Enregistré à la Présidence du Sénat le 18 juin 2025

RAPPORT

FAIT

au nom de la commission des finances (1) sur le projet de loi,
rejeté par l'Assemblée nationale après engagement de la procédure accélérée,
relative aux
résultats de la gestion et portant approbation des comptes
de l'année 2024,

Par M. Jean-François HUSSON,
Rapporteur général,

Sénateur

TOME II
CONTRIBUTION DES RAPPORTEURS SPÉCIAUX

ANNEXE N° 24
Recherche et enseignement supérieur

Rapporteurs spéciaux : Mme Vanina PAOLI-GAGIN et M. Jean-François RAPIN

(1) Cette commission est composée de : M. Claude Raynal, président ; M. Jean-François Husson,
rapporteur général ;
MM. Bruno Belin, Christian Bilhac, Jean-Baptiste Blanc, Michel Canévet, Emmanuel Capus, Thierry Cozic, Thomas Dossus, Albéric de Montgolfier, Didier Rambaud, Stéphane Sautarel, Pascal Savoldelli, vice-présidents ; Mmes Marie-Carole Ciuntu, Frédérique Espagnac, MM. Marc Laménie, Hervé Maurey, secrétaires ; MM. Pierre Barros, Arnaud Bazin, Grégory Blanc, Mmes Florence Blatrix Contat, Isabelle Briquet,
M. Vincent Capo-Canellas, Mme Marie-Claire Carrère-Gée, MM. Raphaël Daubet, Vincent Delahaye, Bernard Delcros, Vincent Éblé, Rémi Féraud, Stéphane Fouassin, Mme Nathalie Goulet, MM. Jean-Raymond Hugonet, Éric Jeansannetas, Christian Klinger, Mme Christine Lavarde, MM. Antoine Lefèvre, Dominique de Legge, Victorin Lurel,
Jean-Marie Mizzon, Claude Nougein, Olivier Paccaud, Mme Vanina Paoli-Gagin, MM. Georges Patient,
Jean-François Rapin, Mme Ghislaine Senée, MM. Laurent Somon, Christopher Szczurek, Mme Sylvie Vermeillet, M. Jean Pierre Vogel.

Voir les numéros :

Assemblée nationale (17ème législ.) : 1285, 1492 et T.A. 138

Sénat : 718 (2024-2025)

LES PRINCIPALES OBSERVATIONS
DES RAPPORTEURS SPÉCIAUX

1. Les crédits exécutés sur le périmètre de la mission atteignent en 2024 un montant total de 31 496 millions d'euros en autorisations d'engagement (AE) et de 30 986 millions d'euros en crédits de paiement (CP).
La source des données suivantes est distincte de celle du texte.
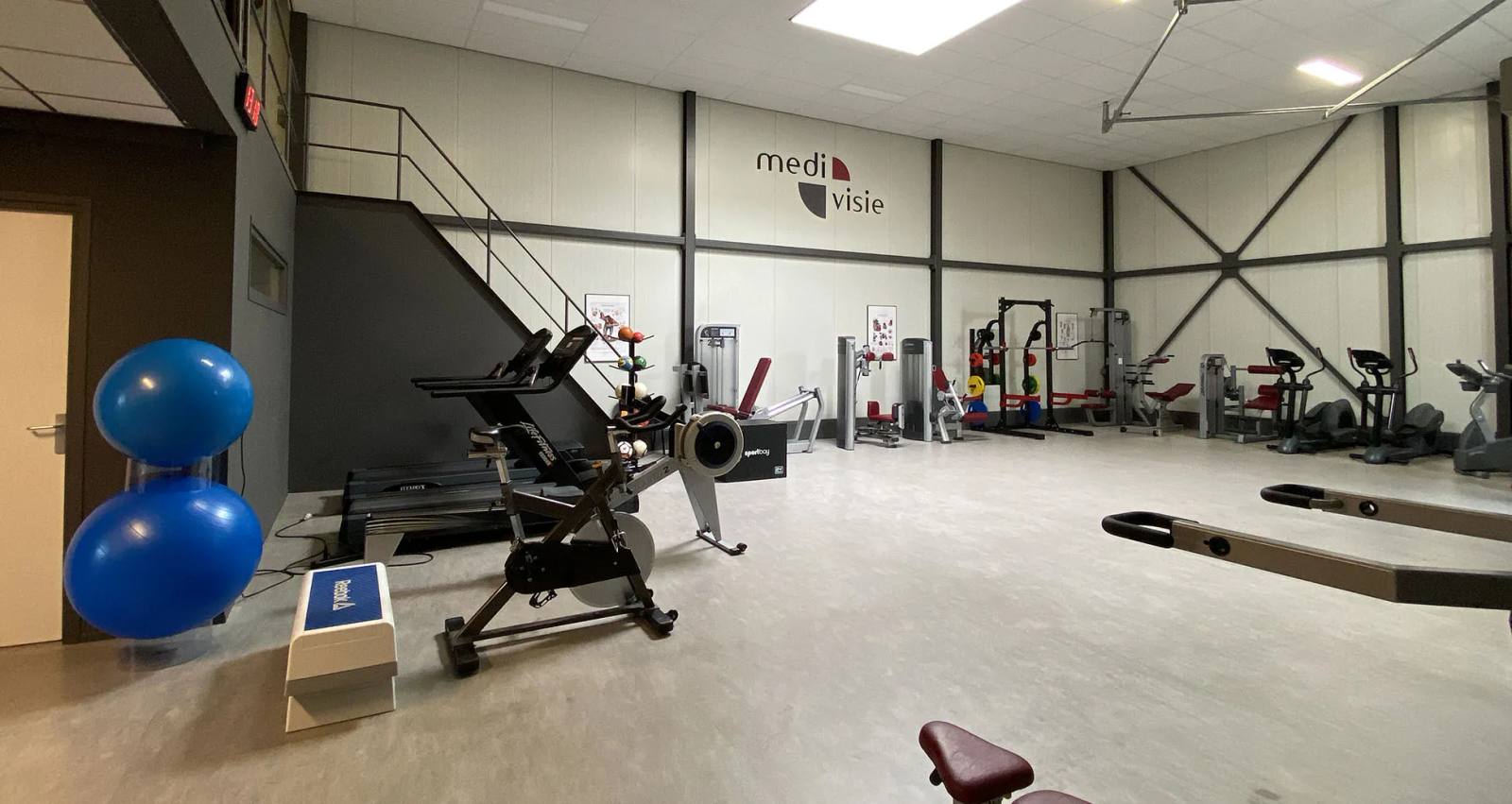 De eigen medische trainingsruimte van Medivisie in Almere met loopbanden, roeitrapper, krachtapparatuur en fitnesstoestellen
Après prise en compte des annulations en cours de gestion, le taux d'exécution atteint 99,1 % en AE et 99,7 % en CP. L'exercice 2024 marque une rupture depuis l'entrée en vigueur de la loi de programmation de la recherche du 24 décembre 2020 dans la mesure où les crédits de paiement exécutés recul pour la première fois depuis le début de la programmation avec une diminution de 85 millions d'euros.
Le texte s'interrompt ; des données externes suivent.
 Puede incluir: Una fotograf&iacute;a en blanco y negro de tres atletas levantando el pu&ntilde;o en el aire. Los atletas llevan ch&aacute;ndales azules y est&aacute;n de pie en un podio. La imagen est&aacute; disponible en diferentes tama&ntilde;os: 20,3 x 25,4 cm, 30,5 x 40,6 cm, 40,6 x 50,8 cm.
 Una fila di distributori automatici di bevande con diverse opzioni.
2. Le décret d'annulation de février 2024 a impacté la mission en annulant 902 millions d'euros, soit 2,84 % du montant total prévu en LFI 2024. À la hausse, 190 millions d'euros ont été ajoutés par le biais d'un report de crédits de 2023 sur 2024, et 145 millions d'euros ont également été transférés vers la mission. La loi de finances de fin de gestion a également annulé 215 millions d'euros supplémentaires.
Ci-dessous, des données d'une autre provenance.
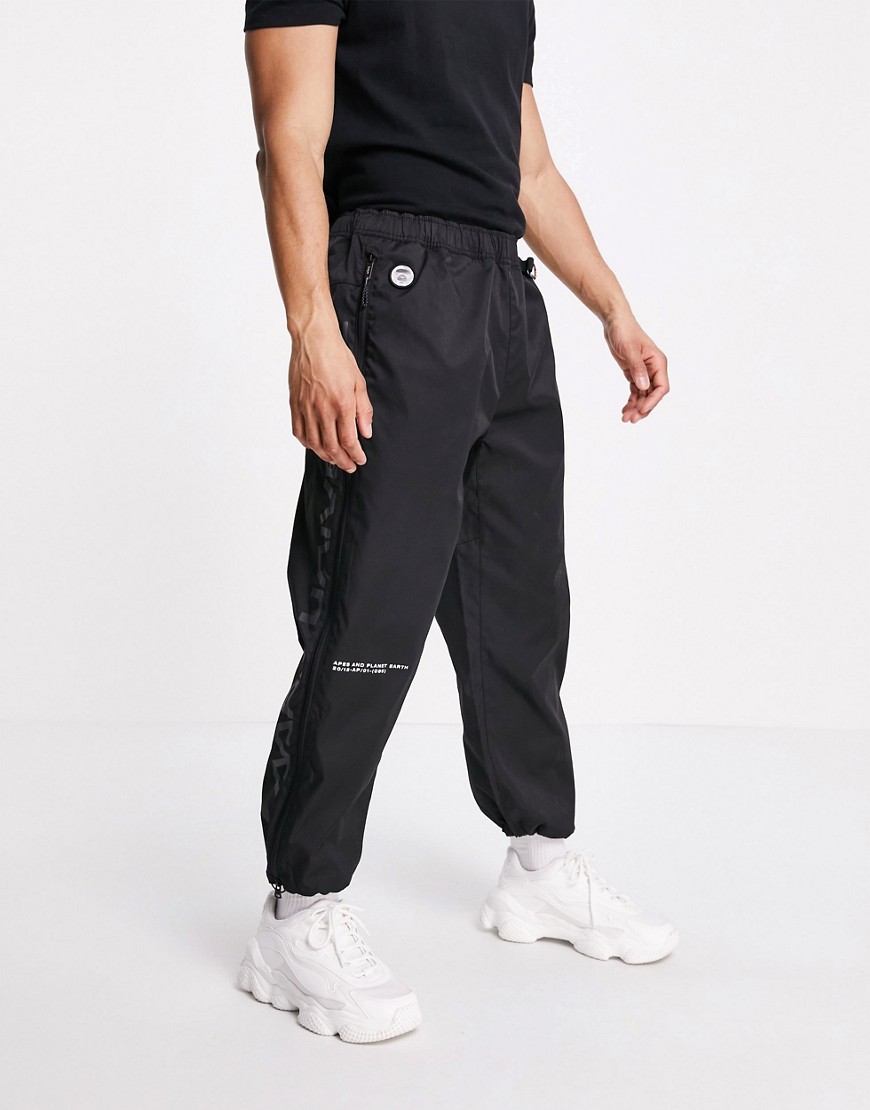 AAPE By A Bathing Ape casual nylon trousers with side zips in black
3. Concernant les programmes « Enseignement supérieur » (Mme Vanina Paoli-Gagin) :

- si l'image de « coupes budgétaires » a pu être avancée du fait du décret d'annulation, celui-ci a relativement épargné l'enseignement supérieur. Les moyens accordés à l'enseignement supérieur en 2024 sont en hausse de 471 millions d'euros en AE et 90 millions d'euros en CP par rapport à 2023.

- si elle part d'une intention louable, l'annonce de la généralisation des contrats d'objectifs, de moyens et de performance (COMP) ne peut qu'interroger. L'évaluation des COMP sur la période 2023-2025 souligne en l'effet les fragilités du dispositif, en l'absence de réelle refonte du système d'allocation des moyens aux universités.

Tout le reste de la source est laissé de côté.